De nos jours, travailler avec des développeurs en Inde et en Russie alors que le directeur de projet est en France est courant. Du fait de ces contraintes, les méthodes de développement et les outils utilisés subissent une forte mutation. Malheureusement, les enseignements actuels ne permettent pas d'appréhender ce genre de techniques de travail. Il serait vraiment intéressant de se lancer dans des expériences pédagogiques plus ambitieuses et plus en adéquation avec la réalité, éventuellement en collaboration avec des entreprises.

AB - La passerelle entre l'université et le monde du travail est-elle solide ? Une fois diplômés, vos étudiants trouvent-ils aisément un emploi dans le secteur ?

EF - Il ne faut pas noircir le tableau, l'informatique est un secteur porteur. La plupart de mes étudiants trouvent du travail bien plus vite que s'ils avaient fait un Master dans un autre domaine. Mais je sais qu'ils n'apprendront vraiment leur métier qu'une fois au sein de l'entreprise.

Pour cerner le problème, je dirais que le système d'enseignement supérieur en France - universités et écoles d'ingénieurs - excelle pour inculquer les connaissances théoriques qui servent sur le long terme _et_qui_doivent_être_maintenues_ mais que la plupart des cours pratiques qu'elle dispense sont des désastres.

Les entreprises ne sont d'ailleurs pas dupes à ce propos.

AB - Faut-il réformer l'enseignement universitaire français, en particulier l'enseignement informatique ? Si oui, quelles sont vos propositions ?

EF - Il existe trois points qui me tiennent à coeur et qu'il serait bon de modifier dans le système Français :

Tout d'abord, il faudrait rétribuer à la même hauteur l'enseignement et la recherche.

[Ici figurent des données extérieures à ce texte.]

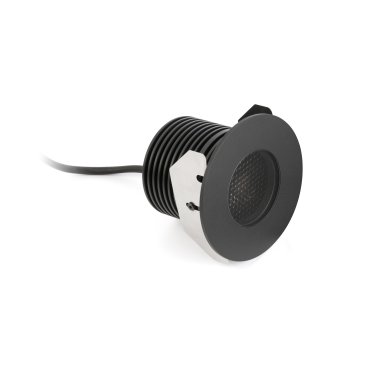 Faro Grund - runder Bodenspot für außen - Ø 92 mm, Ø 68 mm versenkt - inkl. 13W LED - IP67 - schwarz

À l'heure actuelle, un enseignant/chercheur qui se consacrerait uniquement à l'enseignement aura une carrière moins reluisante que celui qui négligerait complètement son enseignement pour se consacrer à sa recherche.

Cela crée une sorte d'asymétrie qui ne donne pas forcément envie de s'investir dans l'enseignement. Le problème vient probablement du fait qu'il existe un protocole pour évaluer les travaux de recherche mais AUCUN en ce qui concerne l'enseignement.

On peut me rétorquer que juger un enseignement est difficile mais je répondrai que juger de la qualité d'un travail de recherche l'est tout autant. Il faudrait donc mettre en place une évaluation des enseignements basée sur l'opinion des collègues, d'experts externes et des étudiants.

Ensuite, la France est probablement l'un des derniers pays d'Europe, avec l'Italie et l'Espagne, où il n'est pas possible d'enseigner en Anglais ! Dans la plupart des autres pays d'Europe, à partir du niveau Master les cours sont dispensés en Anglais.

Le rayonnement d'une université ou d'une école d'ingénieurs passe aussi par le nombre des étudiants étrangers qui viennent y étudier.

En France, les accords d'échanges Erasmus et autres sont souvent à sens unique car les étudiants étrangers qui viennent dans nos universités doivent maîtriser le Français. Cela barre la route à un grand nombre d'étudiants brillants. Il serait bon d'encourager la formation de Masters dispensés en Anglais par des enseignants résidants en France pour des Français et des étrangers venus étudier en France.

Enfin, et ceci plus spécifiquement pour l'enseignement de l'informatique, il serait bon de mettre en place des projets plus conséquents d'une durée d'un semestre ou même d'une année qui consisteraient à s'intégrer dans une équipe de développement d'un projet libre (ou pas) tout en suivant les cours de l'université en parallèle. Comme je l'ai dit plus haut, en matière de développement rien ne remplace l'expérience.

AB - Emmanuel Fleury, je vous remercie.